Stored records:

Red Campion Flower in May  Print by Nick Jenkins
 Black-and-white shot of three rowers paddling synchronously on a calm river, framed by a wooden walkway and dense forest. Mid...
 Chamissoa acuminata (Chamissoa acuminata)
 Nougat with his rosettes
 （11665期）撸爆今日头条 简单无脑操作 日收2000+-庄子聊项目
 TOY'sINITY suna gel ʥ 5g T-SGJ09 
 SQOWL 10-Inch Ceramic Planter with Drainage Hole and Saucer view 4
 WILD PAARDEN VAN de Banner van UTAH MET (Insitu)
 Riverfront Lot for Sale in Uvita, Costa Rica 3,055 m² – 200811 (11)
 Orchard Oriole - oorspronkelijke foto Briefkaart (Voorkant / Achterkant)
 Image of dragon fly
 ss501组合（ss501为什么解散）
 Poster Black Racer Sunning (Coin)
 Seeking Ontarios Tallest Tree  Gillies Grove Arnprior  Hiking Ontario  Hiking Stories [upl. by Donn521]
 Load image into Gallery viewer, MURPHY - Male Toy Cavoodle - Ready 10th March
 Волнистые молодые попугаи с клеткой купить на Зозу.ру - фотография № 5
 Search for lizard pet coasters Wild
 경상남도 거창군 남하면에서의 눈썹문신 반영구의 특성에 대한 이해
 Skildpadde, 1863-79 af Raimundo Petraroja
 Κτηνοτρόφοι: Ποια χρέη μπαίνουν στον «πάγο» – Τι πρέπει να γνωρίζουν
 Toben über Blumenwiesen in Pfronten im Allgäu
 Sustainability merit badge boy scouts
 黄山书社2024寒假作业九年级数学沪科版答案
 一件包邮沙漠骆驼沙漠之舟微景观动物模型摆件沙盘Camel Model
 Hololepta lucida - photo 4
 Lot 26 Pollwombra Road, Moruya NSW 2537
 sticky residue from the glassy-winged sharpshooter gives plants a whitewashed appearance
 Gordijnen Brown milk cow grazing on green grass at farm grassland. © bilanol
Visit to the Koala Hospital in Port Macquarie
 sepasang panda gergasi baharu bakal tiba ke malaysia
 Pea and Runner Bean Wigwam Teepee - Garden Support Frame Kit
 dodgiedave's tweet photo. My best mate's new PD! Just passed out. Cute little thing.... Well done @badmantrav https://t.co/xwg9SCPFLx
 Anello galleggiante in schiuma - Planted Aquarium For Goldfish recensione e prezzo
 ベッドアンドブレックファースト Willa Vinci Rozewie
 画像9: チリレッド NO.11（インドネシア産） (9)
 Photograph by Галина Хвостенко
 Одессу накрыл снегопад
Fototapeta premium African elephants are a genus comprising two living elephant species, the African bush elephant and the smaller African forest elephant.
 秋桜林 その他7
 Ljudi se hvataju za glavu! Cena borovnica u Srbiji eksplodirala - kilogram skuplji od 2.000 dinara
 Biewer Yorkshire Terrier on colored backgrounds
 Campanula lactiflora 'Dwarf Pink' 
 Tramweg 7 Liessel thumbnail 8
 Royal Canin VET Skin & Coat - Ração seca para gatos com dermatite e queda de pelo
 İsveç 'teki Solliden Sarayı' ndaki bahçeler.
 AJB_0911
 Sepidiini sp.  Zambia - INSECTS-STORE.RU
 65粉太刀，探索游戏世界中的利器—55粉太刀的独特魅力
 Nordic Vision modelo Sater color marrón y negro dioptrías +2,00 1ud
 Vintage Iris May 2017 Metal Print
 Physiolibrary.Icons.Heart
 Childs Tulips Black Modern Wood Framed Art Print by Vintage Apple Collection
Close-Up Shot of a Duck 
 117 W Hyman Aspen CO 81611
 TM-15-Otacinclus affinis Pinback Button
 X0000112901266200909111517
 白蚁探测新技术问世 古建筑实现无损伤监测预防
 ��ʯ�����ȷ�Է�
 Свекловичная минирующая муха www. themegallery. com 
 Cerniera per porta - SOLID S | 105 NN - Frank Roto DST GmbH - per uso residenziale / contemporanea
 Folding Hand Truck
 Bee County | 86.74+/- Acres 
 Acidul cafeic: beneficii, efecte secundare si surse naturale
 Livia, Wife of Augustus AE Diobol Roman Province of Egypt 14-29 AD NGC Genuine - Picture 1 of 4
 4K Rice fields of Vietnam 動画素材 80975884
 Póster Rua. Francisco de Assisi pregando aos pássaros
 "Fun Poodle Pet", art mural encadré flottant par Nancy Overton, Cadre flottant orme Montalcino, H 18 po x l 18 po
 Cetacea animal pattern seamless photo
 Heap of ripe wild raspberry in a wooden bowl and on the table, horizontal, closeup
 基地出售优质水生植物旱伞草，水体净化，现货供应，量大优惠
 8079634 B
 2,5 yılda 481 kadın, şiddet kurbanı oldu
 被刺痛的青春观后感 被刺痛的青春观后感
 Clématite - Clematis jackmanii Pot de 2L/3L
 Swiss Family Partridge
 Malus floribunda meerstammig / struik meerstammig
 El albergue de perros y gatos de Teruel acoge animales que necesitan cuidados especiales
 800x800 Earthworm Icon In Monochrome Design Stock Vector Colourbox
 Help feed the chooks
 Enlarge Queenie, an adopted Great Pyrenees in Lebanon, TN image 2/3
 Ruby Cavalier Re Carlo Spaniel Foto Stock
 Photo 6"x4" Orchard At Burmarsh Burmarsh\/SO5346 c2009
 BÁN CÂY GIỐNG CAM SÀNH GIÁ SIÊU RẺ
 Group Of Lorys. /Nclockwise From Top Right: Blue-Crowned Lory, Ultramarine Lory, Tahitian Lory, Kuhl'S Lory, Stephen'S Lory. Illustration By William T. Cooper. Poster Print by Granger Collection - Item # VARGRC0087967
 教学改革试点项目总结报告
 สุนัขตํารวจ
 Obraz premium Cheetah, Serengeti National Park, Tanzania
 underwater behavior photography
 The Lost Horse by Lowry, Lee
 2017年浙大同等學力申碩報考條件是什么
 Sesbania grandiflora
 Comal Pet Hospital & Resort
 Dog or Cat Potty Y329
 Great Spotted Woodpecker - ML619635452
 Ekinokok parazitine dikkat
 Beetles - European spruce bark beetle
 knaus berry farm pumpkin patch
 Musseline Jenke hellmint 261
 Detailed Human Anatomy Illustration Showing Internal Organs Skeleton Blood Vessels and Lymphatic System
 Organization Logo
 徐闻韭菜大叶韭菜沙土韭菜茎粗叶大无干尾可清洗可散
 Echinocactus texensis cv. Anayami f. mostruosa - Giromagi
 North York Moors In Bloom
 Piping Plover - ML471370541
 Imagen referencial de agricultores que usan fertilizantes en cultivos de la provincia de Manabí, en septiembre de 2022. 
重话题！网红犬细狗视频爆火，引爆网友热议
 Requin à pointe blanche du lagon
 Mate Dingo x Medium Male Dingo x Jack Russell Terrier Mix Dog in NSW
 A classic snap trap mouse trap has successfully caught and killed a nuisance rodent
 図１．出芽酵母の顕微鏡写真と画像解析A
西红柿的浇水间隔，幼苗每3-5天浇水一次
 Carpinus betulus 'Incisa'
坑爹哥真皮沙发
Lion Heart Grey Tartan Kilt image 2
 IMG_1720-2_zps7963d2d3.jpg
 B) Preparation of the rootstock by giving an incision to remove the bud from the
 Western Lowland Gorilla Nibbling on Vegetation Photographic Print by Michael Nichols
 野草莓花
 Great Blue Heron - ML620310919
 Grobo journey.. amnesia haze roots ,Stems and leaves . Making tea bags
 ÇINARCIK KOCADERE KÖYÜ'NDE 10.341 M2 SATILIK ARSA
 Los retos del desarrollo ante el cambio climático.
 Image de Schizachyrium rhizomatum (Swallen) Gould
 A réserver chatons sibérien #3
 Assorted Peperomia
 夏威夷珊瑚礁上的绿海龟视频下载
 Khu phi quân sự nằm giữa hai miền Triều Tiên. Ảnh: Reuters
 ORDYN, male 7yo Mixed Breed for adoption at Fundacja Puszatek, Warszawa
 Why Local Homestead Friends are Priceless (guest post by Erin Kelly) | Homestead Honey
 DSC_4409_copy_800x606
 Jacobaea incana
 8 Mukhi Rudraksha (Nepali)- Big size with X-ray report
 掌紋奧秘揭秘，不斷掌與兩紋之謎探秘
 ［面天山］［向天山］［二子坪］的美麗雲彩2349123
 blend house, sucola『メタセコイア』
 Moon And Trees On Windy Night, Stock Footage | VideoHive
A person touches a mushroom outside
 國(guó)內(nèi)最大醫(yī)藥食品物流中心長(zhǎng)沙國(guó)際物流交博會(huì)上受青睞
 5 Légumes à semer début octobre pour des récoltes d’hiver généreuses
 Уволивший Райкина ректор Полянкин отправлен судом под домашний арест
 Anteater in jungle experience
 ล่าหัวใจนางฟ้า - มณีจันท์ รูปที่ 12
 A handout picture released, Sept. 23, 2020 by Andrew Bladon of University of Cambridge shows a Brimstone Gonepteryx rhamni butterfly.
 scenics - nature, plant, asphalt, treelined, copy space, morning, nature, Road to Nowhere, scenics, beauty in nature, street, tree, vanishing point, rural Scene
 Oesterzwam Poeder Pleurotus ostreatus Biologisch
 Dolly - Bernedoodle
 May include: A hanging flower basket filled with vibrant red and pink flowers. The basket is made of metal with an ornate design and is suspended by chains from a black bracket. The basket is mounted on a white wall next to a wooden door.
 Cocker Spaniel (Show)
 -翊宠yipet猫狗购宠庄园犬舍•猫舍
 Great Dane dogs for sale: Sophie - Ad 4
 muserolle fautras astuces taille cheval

WORK REQUEST
For each line in the data above that contains the string "forest", extract the line.

EXERCISE ANSWER
 Black-and-white shot of three rowers paddling synchronously on a calm river, framed by a wooden walkway and dense forest. Mid...
Fototapeta premium African elephants are a genus comprising two living elephant species, the African bush elephant and the smaller African forest elephant.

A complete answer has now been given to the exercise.